Center for Interpretive and Qualitative Research (CIQR -- "seeker")

(E-mail memo:  October 12, 2007)


Oct. 18 (Thurs.), 4:30-6:00PM, Berger Gallery, 207 College Hall, Duquesne University.


Professor Olga Belova, Lecturer in Management, Department of Accounting, Finance and Management, University of Essex, UK


 "Difference and Interruption in Research Narratives"


Bio
:  Dr. Belova draws on Merleau-Ponty's phenomenological philosophy and Bakhtin's theory of dialogue in order to show that meaning within organizations arises in an embodied, reversible and profoundly social engagement between self and other.  More recently, she has focused on the role of narratives in representing identity.  After organizing an inter-disciplinary conference, "Polyphony and Dialogism as ways of Organizing," in 2006 and publishing the results in Organization Studies, she is working on a project, "Globalisation and Identity in a Multi-National Workplace," which is supported by a British Academy Research Grant and aims to show how discourses of identity and diversity become constructed, contested and changed through personal and collective narratives told within organizations. Her  work has been presented at a number of international conferences and published in international journals such as Management Science Review, Critical Theory in Business Ethics, and Culture and Organization.

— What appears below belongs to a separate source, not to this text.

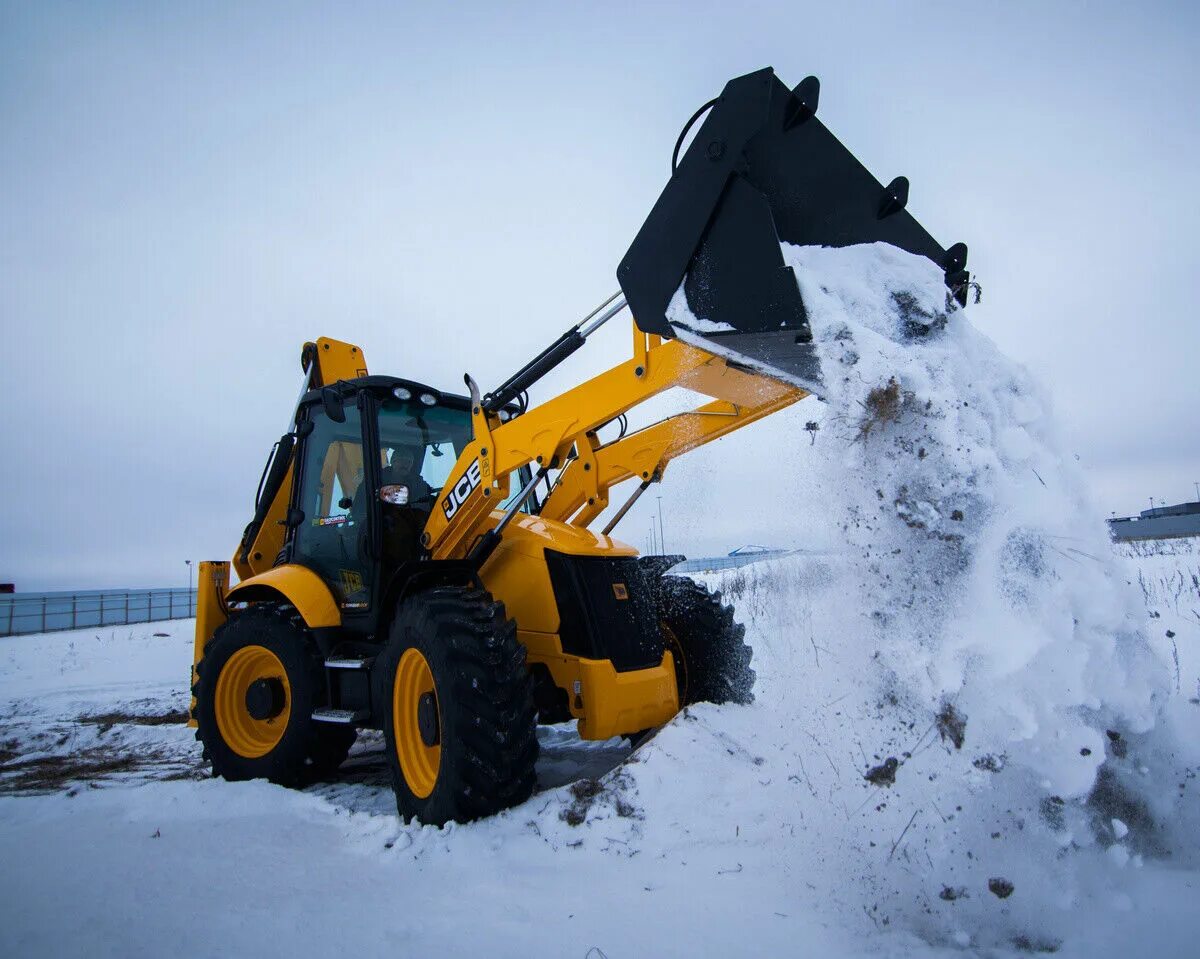 Уборка снега JCB 4cx. Трактор JCB 3cx. JSB экскаватор 3cx. Уборка снега JCB 3cx. Аренда экскаватора погрузчика ковш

Abstract:  I begin this paper by comparing two ways in which the relation between researcher and researched is constructed in research accounts:  the traditional "interrogation" mode and a social constructionist mode based on "conversation."  Although they differ in important ways, they both understand the researched "other" through unity with the researcher.  But this understanding effaces rather than explores the differences between researcher and researched.  I argue that the work of Maurice Blanchot rectifies this shortcoming by foregrounding difference and inviting us to treat gaps and failures of understanding between researcher and researched as productive rather than flawed parts of a research relation. I further argue that attention to difference allows writing to be a space where otherness can be usefully explored rather than dispensed with. This proposition is illustrated through an analysis of two pieces of organizational research, followed by a discussion of implications and challenges offered by this approach.